### [Directions for this task]
Produce a word-for-word copy of the data that follows, excluding images.

### [Given data]
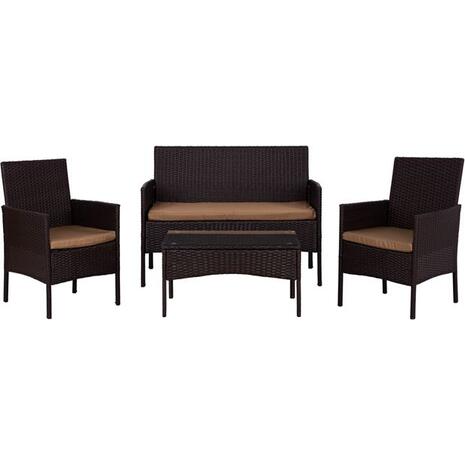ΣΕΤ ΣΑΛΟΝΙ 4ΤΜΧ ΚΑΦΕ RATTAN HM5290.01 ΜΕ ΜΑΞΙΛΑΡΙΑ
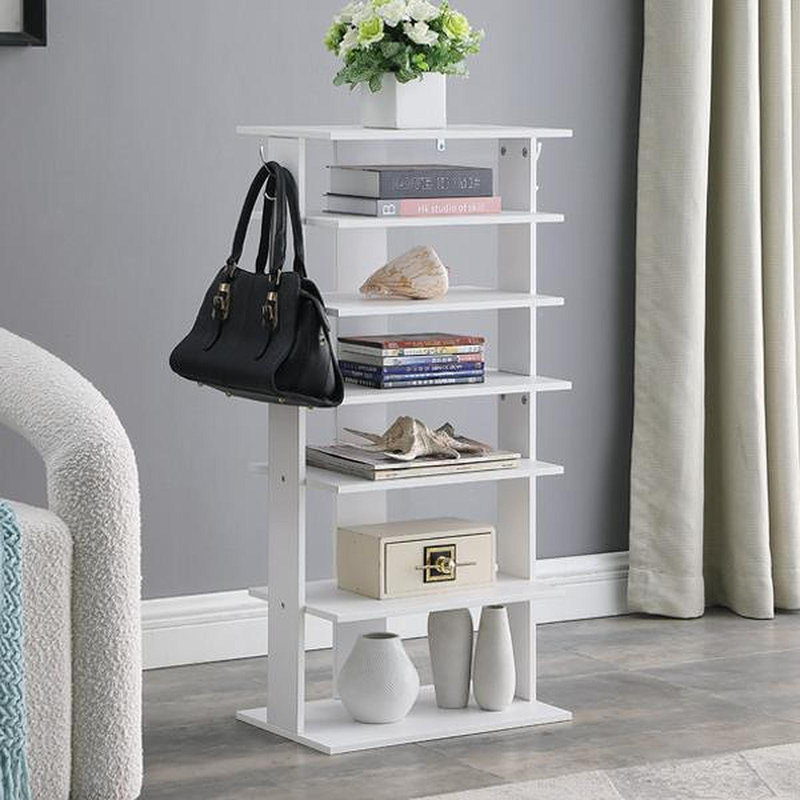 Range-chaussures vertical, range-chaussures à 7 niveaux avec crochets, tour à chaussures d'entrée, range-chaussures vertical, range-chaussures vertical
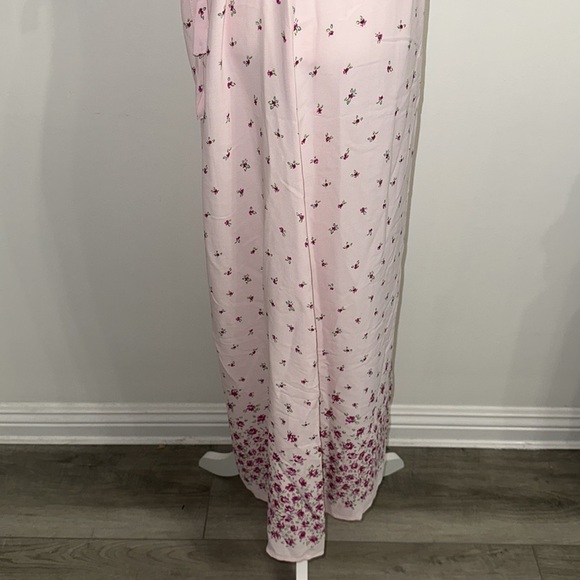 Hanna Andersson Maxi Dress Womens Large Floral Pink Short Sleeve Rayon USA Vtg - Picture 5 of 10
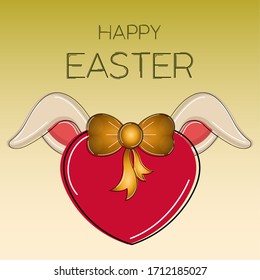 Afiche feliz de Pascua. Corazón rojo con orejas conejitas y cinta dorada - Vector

### [Exercise solution]
ΣΕΤ ΣΑΛΟΝΙ 4ΤΜΧ ΚΑΦΕ RATTAN HM5290.01 ΜΕ ΜΑΞΙΛΑΡΙΑ
 Range-chaussures vertical, range-chaussures à 7 niveaux avec crochets, tour à chaussures d'entrée, range-chaussures vertical, range-chaussures vertical
 Hanna Andersson Maxi Dress Womens Large Floral Pink Short Sleeve Rayon USA Vtg - Picture 5 of 10
 Afiche feliz de Pascua. Corazón rojo con orejas conejitas y cinta dorada - Vector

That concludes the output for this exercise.